Nous ne sommes responsables de rien, nous. C’est l’autre, encore l’autre. Toujours lui. C’est peut-être pour cette raison qu’il faut donner à cet autre, l’illusion d’un pays où tout est net, et aussi pour lui montrer combien nous lui sommes redevables.

Celui-ci est un alcoolique chronique, que dira-t-on ? : Yo mété’y ka brè. (On en a fait un alcoolique). Sé mal yo fè’y ! (On lui a fait du mal.) Yo bay an driv ! (On a fait de lui un errant).  Yo tounen'y kouyon, yo ba'y brè lwuil moun mò (On en a fait un idiot).YO, toujours yo l'équivalent  du mot français on.

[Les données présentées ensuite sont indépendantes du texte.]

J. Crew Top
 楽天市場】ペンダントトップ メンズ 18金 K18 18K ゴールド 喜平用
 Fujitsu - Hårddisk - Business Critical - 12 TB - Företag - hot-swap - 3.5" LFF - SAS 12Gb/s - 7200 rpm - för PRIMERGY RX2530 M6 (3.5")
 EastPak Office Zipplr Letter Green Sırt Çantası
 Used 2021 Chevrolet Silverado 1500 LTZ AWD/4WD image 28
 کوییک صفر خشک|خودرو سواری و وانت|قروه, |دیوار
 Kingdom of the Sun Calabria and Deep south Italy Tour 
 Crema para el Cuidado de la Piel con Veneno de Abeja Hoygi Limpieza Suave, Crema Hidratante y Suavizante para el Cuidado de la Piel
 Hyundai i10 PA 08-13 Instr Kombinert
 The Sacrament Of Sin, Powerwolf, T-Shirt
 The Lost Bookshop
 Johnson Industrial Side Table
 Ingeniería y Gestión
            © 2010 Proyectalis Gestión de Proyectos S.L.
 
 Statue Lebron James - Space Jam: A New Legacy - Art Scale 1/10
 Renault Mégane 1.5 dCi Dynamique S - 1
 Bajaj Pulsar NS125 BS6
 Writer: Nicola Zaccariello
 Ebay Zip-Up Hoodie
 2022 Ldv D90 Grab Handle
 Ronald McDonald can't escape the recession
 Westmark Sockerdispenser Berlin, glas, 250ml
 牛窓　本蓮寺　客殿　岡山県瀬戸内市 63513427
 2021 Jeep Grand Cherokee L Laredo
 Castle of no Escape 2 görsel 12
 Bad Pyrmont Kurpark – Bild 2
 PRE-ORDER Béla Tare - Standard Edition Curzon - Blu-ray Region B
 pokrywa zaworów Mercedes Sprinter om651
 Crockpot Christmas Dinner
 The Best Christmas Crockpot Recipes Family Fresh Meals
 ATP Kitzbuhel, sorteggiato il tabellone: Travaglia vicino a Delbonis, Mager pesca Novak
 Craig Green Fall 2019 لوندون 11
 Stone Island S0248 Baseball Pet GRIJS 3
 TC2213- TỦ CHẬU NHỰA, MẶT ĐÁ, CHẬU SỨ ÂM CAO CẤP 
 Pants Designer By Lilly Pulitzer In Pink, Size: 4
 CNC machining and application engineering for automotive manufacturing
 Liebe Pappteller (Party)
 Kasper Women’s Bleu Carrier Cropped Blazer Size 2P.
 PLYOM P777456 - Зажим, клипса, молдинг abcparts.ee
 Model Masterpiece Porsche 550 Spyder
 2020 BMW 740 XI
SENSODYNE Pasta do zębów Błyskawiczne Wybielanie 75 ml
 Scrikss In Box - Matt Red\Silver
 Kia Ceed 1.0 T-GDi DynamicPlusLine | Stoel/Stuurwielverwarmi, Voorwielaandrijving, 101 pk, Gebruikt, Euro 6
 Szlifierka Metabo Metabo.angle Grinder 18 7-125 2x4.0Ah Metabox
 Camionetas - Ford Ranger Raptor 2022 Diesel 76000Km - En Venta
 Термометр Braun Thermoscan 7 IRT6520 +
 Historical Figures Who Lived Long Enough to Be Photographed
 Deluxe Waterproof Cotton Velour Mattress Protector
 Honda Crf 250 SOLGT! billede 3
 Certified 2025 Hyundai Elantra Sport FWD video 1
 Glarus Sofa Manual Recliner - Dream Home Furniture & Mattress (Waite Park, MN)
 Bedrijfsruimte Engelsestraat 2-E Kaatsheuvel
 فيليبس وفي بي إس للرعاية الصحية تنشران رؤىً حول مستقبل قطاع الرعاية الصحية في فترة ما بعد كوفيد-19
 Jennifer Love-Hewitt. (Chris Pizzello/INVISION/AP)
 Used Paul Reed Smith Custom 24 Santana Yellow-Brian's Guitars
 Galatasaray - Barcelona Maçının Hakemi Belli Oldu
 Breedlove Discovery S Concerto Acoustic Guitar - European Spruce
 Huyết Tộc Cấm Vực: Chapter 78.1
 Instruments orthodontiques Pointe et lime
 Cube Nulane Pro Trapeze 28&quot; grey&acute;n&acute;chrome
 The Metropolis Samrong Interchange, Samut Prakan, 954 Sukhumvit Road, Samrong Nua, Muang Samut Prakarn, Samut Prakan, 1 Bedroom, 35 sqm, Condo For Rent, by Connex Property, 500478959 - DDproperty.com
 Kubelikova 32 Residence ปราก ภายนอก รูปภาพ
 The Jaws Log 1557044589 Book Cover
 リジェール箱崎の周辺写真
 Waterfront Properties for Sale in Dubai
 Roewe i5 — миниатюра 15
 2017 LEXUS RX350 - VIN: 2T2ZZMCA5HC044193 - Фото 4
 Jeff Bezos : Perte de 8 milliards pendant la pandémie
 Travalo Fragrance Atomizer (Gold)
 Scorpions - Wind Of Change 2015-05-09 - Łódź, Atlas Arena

Un  pronom indéfiniment commun à pratiquement toutes sortes d’actions qui renvoient à l’autre dont nous serions les victimes inconscientes.

Cette "bougresse" est une errante : Yo bay an driv ! Sé pa fott li. La cause de ses malheurs c’est la faute de l’autre.

Pauvres de nous qui n’y sommes pour rien. Nous n'assistons même pas à notre propre vie. Nous subissons comme tout le monde et avec tout le monde. Qui assume ? Pas nous, pas l’autre, encore moins l’errante, et surtout pas l’alcoolique ou l'idiot. Personne.

Conformément à la position dominante de l'autre, nous laissons tout à sa merci. Devrait-on en conclure que n'étant responsables de rien, nous ne mériterions même pas le loisir d'avoir un pays propre pour nous,  pour que, en tirions, un peu de profit, un peu de bonheur ?

Soyons responsables. L'oubli de soi ne conduit pas au respect de l'autre et le respect de l'autre n'implique pas l'oubli de soi. Il faut garder la Martinique belle et propre. Point.